Overview:
What I have: 81A8221704654BAC9B24CDFE5A834541 (hex string)
What I want: 172343408754022659539630353407870715201 (decimal equivalent as string)
Detail:
I am exporting data from SAS to a 3rd party platform that performs better when the unique key is in numeric format. The key to the data I'm using is currently stored as a 32 char string containing a hex value, e.g. 81A8221704654BAC9B24CDFE5A834541.
The issue I'm facing is that the largest integer value available in SAS on Linux is 9007199254740992 in decimal (or 20000000000000 in hex). The 32 character hex value when converted to decimal will be much larger and any attempt to do conversion using numeric values will lose precision.
The only two approaches I can think of, are to either write some functions that do addition of two strings (ugly+slow), or perhaps someone has a clever way using some bitwise logical functions?
Any suggestions?
You can use Java BigInteger.
Groovy
Write data to file and read conversion back
data have;
input hexstr $32.;
datalines;
81A8221704654BAC9B24CDFE5A834540
81A8221704654BAC9B24CDFE5A834541
81A8221704654BAC9B24CDFE5A834542
81A8221704654BAC9B24CDFE5A834543
;
proc export data=have replace outfile='c:\temp\have-hexstr.dat' dbms=tab;
putnames=no;
run;
proc groovy;
submit;
File out = new File("c:\\temp\\want-decstr.dat");
out.write "hexstr,decstr\n";
new File ("c:\\temp\\have-hexstr.dat").eachLine { line ->
out.append(line+",\""+new BigInteger(line, 16).toString()+"\"\n");
}
endsubmit;
quit;
options source;
proc import datafile='c:\temp\want-decstr.dat' replace out=want dbms=csv;
run;
JavaObj
You could create a jar that contains a Converter class for performing the conversion and call the method from a JavaObj. The jar would have to be added to the SAS session classpath at startup.
public class Converter
{
public string hexStrToDecStr(hexStr)
{
return new java.math.BigInteger(hexStr,16).toString();
}
}
data want;
set have;
if _n_ = 1 then do;
declare javaobj j('Converter');
end;
length decStr $50;
j.callStringMethod('hexStrToDecStr', hexStr, decStr);
run;
Ideal JavaObj
Can't do this because JavaObj can only pass double values to methods :(
data want;
set have;
length decStr $50;
* wont work, cause 16 passed as double! :(;
declare javaobj j ('java/math/BigInteger', hexStr, 16);
j.callStringMethod('toString', decStr);
j.delete();
run;
Ok, here goes... I tested four approaches:
Ugly+Slow. My own SAS code that implements the ability to convert a 32 char string containing a hex value into a very big integer.
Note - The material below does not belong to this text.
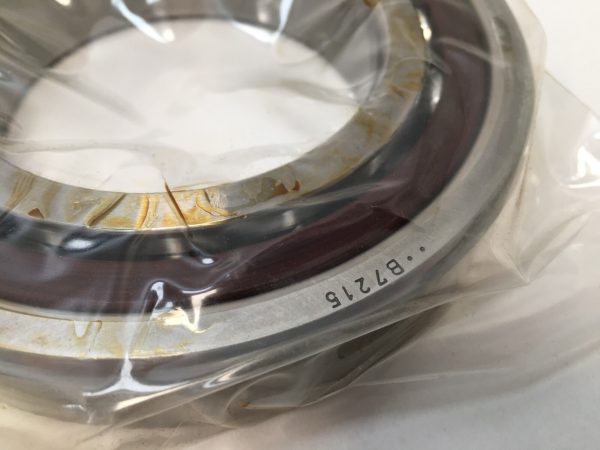 Angular Contact Ball Bearing – 75 mm ID, 130 mm OD, 25 mm Width, Open, 15° Contact Angle, Medium Preload.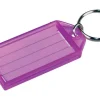 Hillman Metal/Plastic Assorted Labeling/Id Key Ring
Process externally to SAS then join the data back. I chose Java for it's ubiquity as well as its existing support for BigIntegers, and the resulting simple code.
Run some Python code from inside a SAS proc fcmp function to perform the conversion. The FCMP function can then be used within a datastep.
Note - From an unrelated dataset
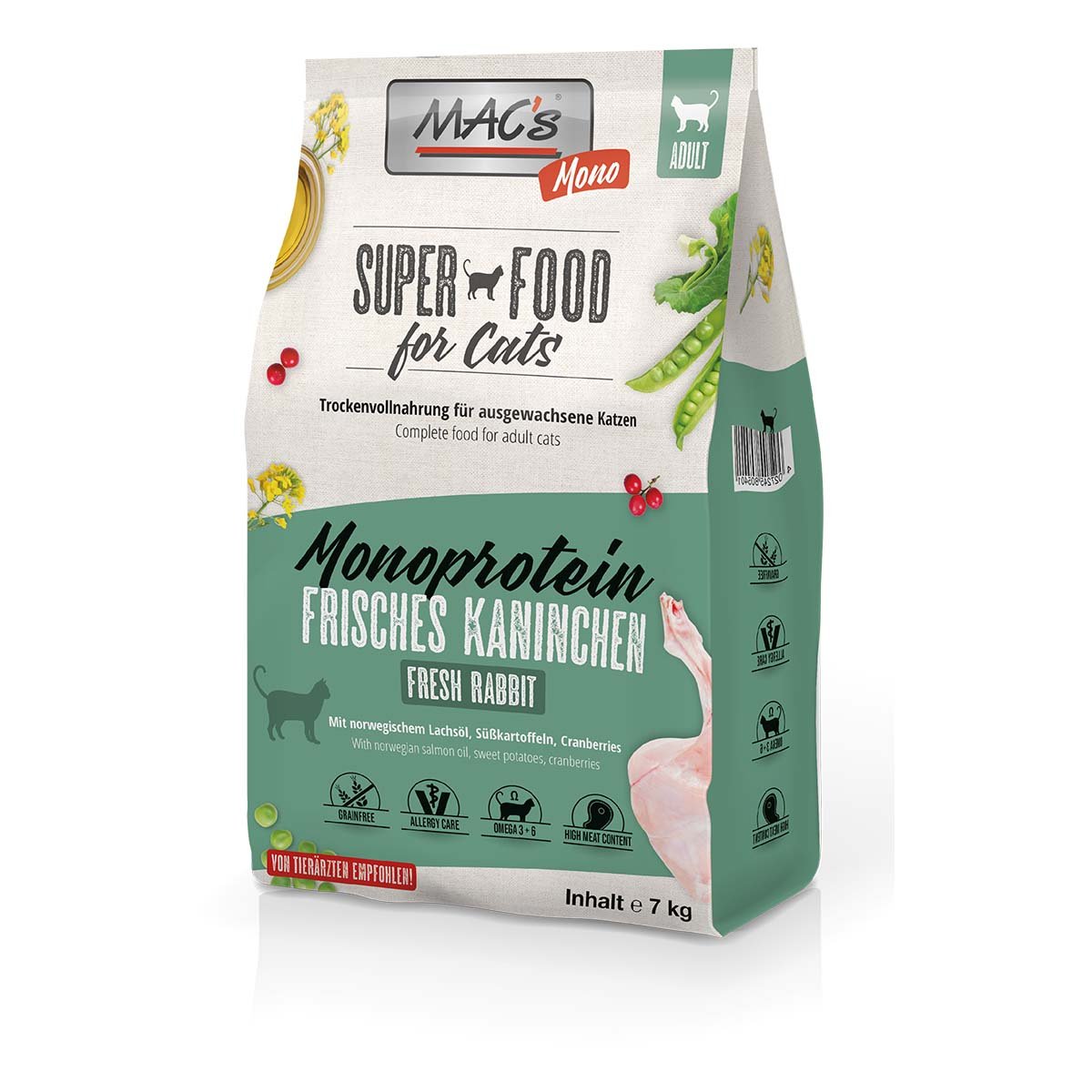MAC's Cat Adult Mono Kaninchen 2x7kg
(per Richard's answer) Use proc groovy to perform the conversion.
Results:
My SAS implementation took ~15 minutes to take the same hex string 1
million times and convert it to a big integer (stored as a string).
The java implementation took ~3 seconds to generate 1 million hex
strings and convert them to big integers. This doesn't include any additional time that would be required to export the data, and join it back.
The proc fcmp + python solution took ~90 seconds to process 1 million UUIDs or hex string equivalents and convert them all within a SAS datastep.
Richard's proc groovy solution took ~10 seconds to process 1 million observations including writing them to disk and reading them back in. Joining these back to a wider dataset would incurr additional time/IO cost.
With the huge disparity in timing, the vanilla SAS option is clearly not the solution use unless you don't have the ability to implement any of the other solutions. The one advantage it does have is that it's all done natively within SAS - so if your admins have your system on lockdown, you can still achieve the conversion, albeit slower.
Between the other 3 solutions, I think the best solution depends on your use case:
The proc fcmp solution has the advantage that it makes for cleaner / self-contained SAS code that's easy to maintain/read/use and runs from within a datastep (something none of the other solutions can claim), but at the cost of running a little slower. I think this would be my preferred choice if I wasn't dealing with big-data performance issues.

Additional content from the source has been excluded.